I’m just randomly watching Thor here tonight — it was actually more my nephew and my mother’s idea, I’m just chilling in the lounge while they do — and now I’m having Stupid Father Feels. And this gifset isn’t helping. You see that lower right one? There’s just such a strange look in Laufey’s eyes. And I know it’s not canonically true in the final cut of the film, but in one of the earlier scripts when Loki goes to Laufey he is told that he is Laufey’s bastard son. In the film it’s never stated outright that Laufey realises who Loki is, but I like to think he DID know. Which makes the look in his eyes in that last .gif kind of disturbing. I mean…ah, here’s the script:
LAUFEY Ah, the bastard son. I thought
Odin had killed you. That's what I
would have done. He's as weak as
you are.
LOKI No longer weak. I now rule Asgard,
until Odin awakens. Perhaps you
should not have so carelessly
abandoned me.
This gives Laufey pause.
LAUFEY Or perhaps it was the wisest choice
I've ever made. I will hear you.
This just gives that look such context, to me. Because sure, he’s shocked that Loki turned on him after making the offer in the film’s cut, but…that Loki would choose Odin over himself? Considering his Darwinistic talk, and the fact he left Loki to die, why SHOULD Loki favour him over the man who raised him? I suppose there’s the sense that Loki must hate Odin, to let the frost giants in, but then there’s a sense of bloodkin here I find interesting. Laufey accepts Loki on the basis of blood relation, just as Loki rejects his entire life based on the same.
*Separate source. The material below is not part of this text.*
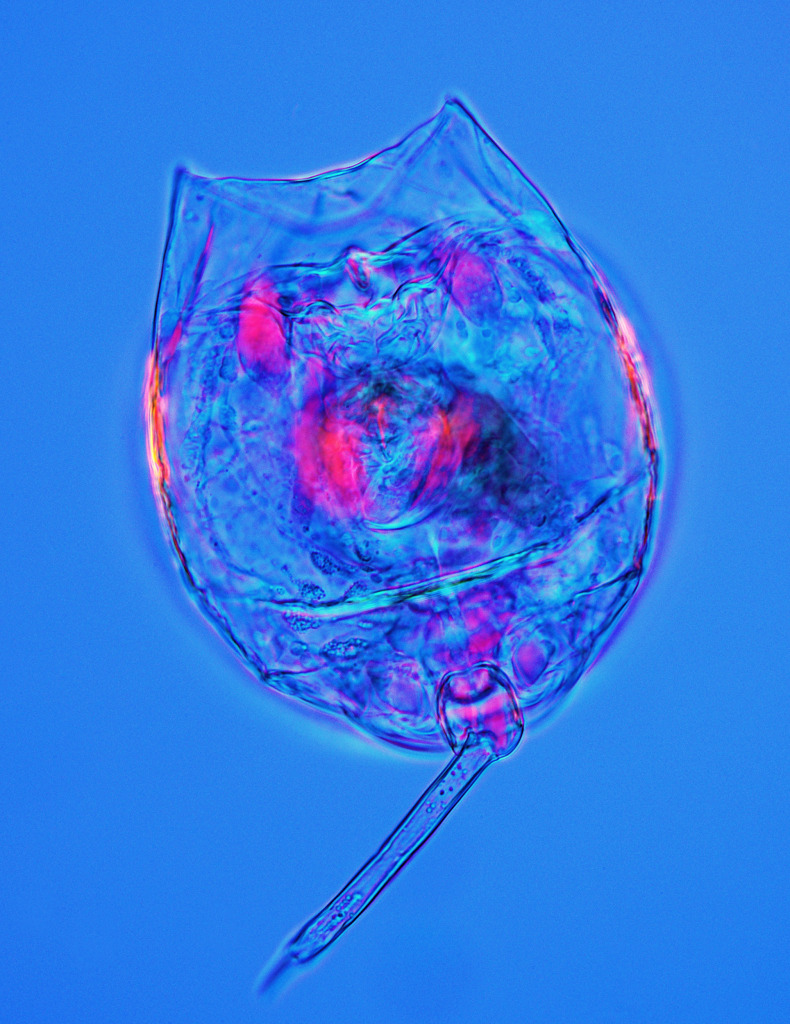 Rotifer, light micrograph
…ah, dammit, I have a point here somewhere. I think it is this: Laufey seems rather stunned by the way his son turns on him, even given everything that has happened to the poor little bastard. And it’s likely due to the fact both Asgard and Jotunheimr seem to be stuck on the idea that blood is thicker than water. Which really doesn’t bode well for anything Odin had hoped to achieve by taking Loki, and to some extent likely explains why he ended up hiding Loki’s nature from him — not because Loki was intrinsically of no use to him in a political sense. It was more that Odin realised taking Loki was never going to enable diplomacy, but rather than return him to a realm that had already rejected him, Odin kept him as his own son and lied to him not because he wanted to hurt him, but because he wanted to protect him.
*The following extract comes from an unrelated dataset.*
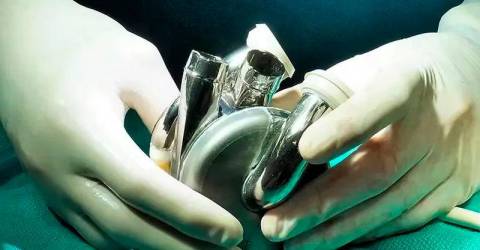 Aussie man becomes first to leave hospital with titanium heart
Speaking of Odin, I’ve always been one of those people who kind of wanted to smack the guy at the end of the film for telling Loki NO when his emotionally unstable son was in a particularly vulnerable place, both physically and mentally. I did think Odin was entirely correct, and we all know that Loki can’t handle the truth, but…in a terrible way, it’s just the way Odin tests his sons. The whole of the damn movie is Odin teaching Thor a lesson in what is a fairly hazardous fashion, considering the sheer number of times Thor could have been killed in his mortal form (especially given the humiliation conga he walks, what with the van-slaloms, Darcy and her taser, and then the hospital thing). But this is how he tested Thor’s worth. In the end, then, is it so surprising that Odin would test Loki in a similarly precarious fashion?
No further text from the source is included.